The general perception is that pickups must be safer than cars or small SUVs due to their bigger size. But that’s not always the case.
Testing of certain types of impacts shows that pickups actually still lag behind industry standards.
Mindful of this, manufacturers have been working hard to resolve the problem.
One of the crash tests that exposed vulnerabilities for pickups was the Passenger Small-Overlap Crash Test carried out by the IIHS (Insurance Institute for Highway Safety), and which focuses on a frontal collision with only a 25% impact zone. The weak spot in these types of accidents is the front passenger side of the vehicle. Many manufacturers’ products simply provided better protection to the driver than to the front passenger.
It appears that manufacturers have taken note of the issue and endeavoured to remedy the problem. The best performance in the recent IIHS test of pickups was recorded by the Ford F-150, the Nissan Titan and the RAM 1500.

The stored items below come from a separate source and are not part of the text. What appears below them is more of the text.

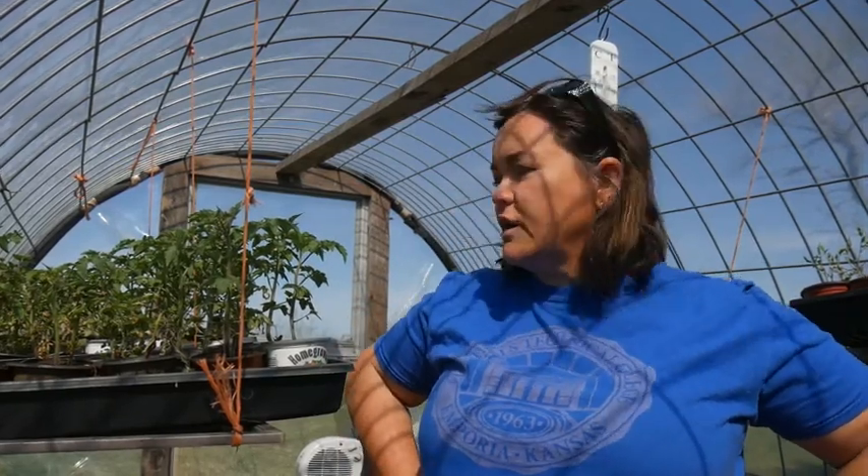Hi everybody, Cindy here with Pathways Homestead. Once again, we are in the greenhouse.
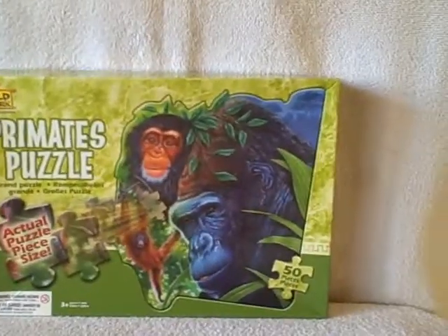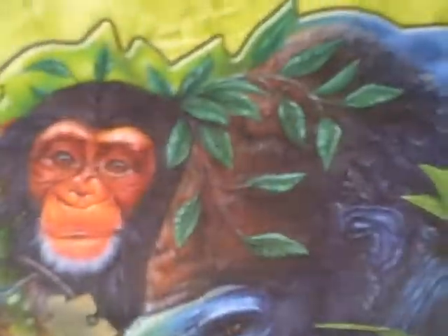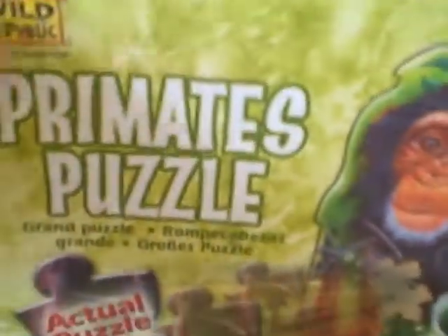Here we have a jigsaw puzzle, floor puzzle, called Wild Republic. It's entitled Primates Puzzle. These pieces are really large, and it's monkeys, primates, whatever you want to call it. Now the box is a little bit rough. As you can see, the corner's kind of torn up there. It's kind of dented here, but it does the job.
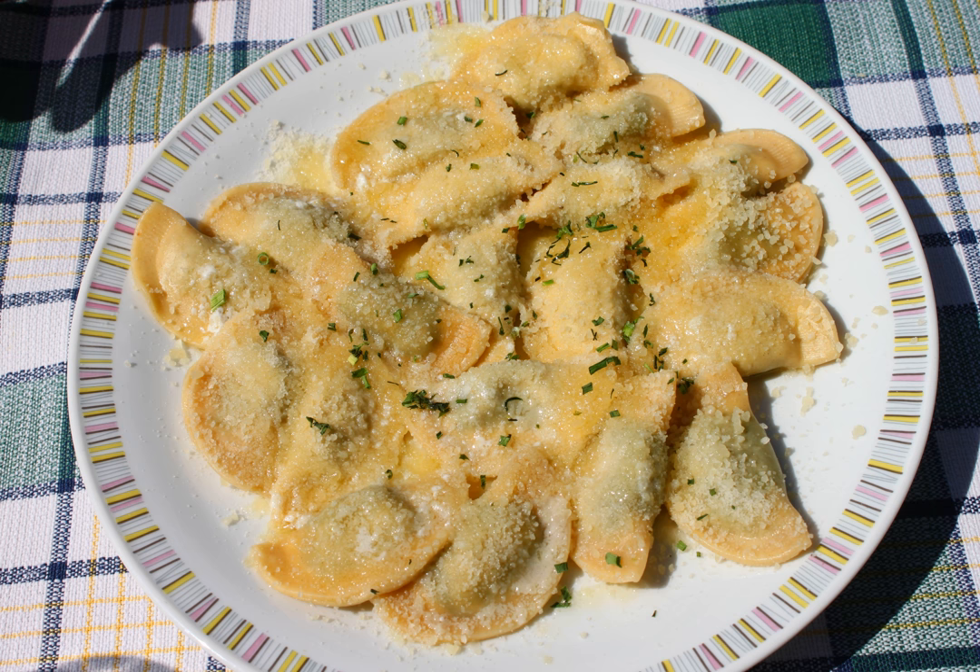The dough is usually made of white flour or buckwheat flour, durum semolina, mixed with eggs and olive oil.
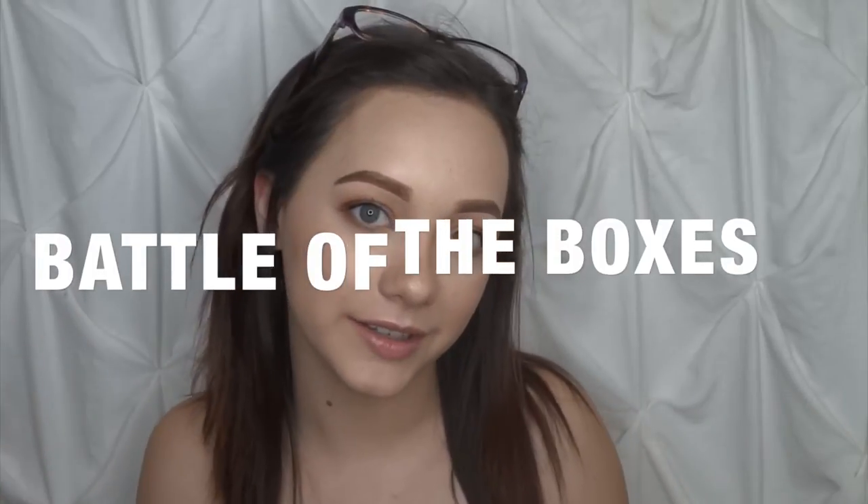Hello guys and welcome back to my channel and welcome to my first ever Battle of the Boxes series. I'm going to be taking BoxyCharm, Ipsy and the Sephora Playbox and comparing them to each other to see which box did better that month. I'm going to go through the boxes, share the products, the prices overall, and see which box has better quality. Then I'll pick the winner for the month. Let's get into the video.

"We commend Ford, Nissan and Ram for providing state-of-the-art crash protection for both drivers and front passengers of their large pickup models. As a group, however, the pickup class still has a lot of work to do."
- IIHS research chief David Zuby
The three models received the highest possible score from IIHS in testing for passenger small-overlap crashes. Ironically, the Honda Ridgeline was the model that received the highest overall score from the IIHS, even if it did less well on the Passenger Small-Overlap Crash Test.
Unsurprisingly, the worst performer in the IIHS test was also the oldest big pickup on the market, the Toyota Tundra. Another model that’s due for an update, the midsize Nissan Frontier, also did poorly in protecting front passengers. That model’s current generation is over 10 years old.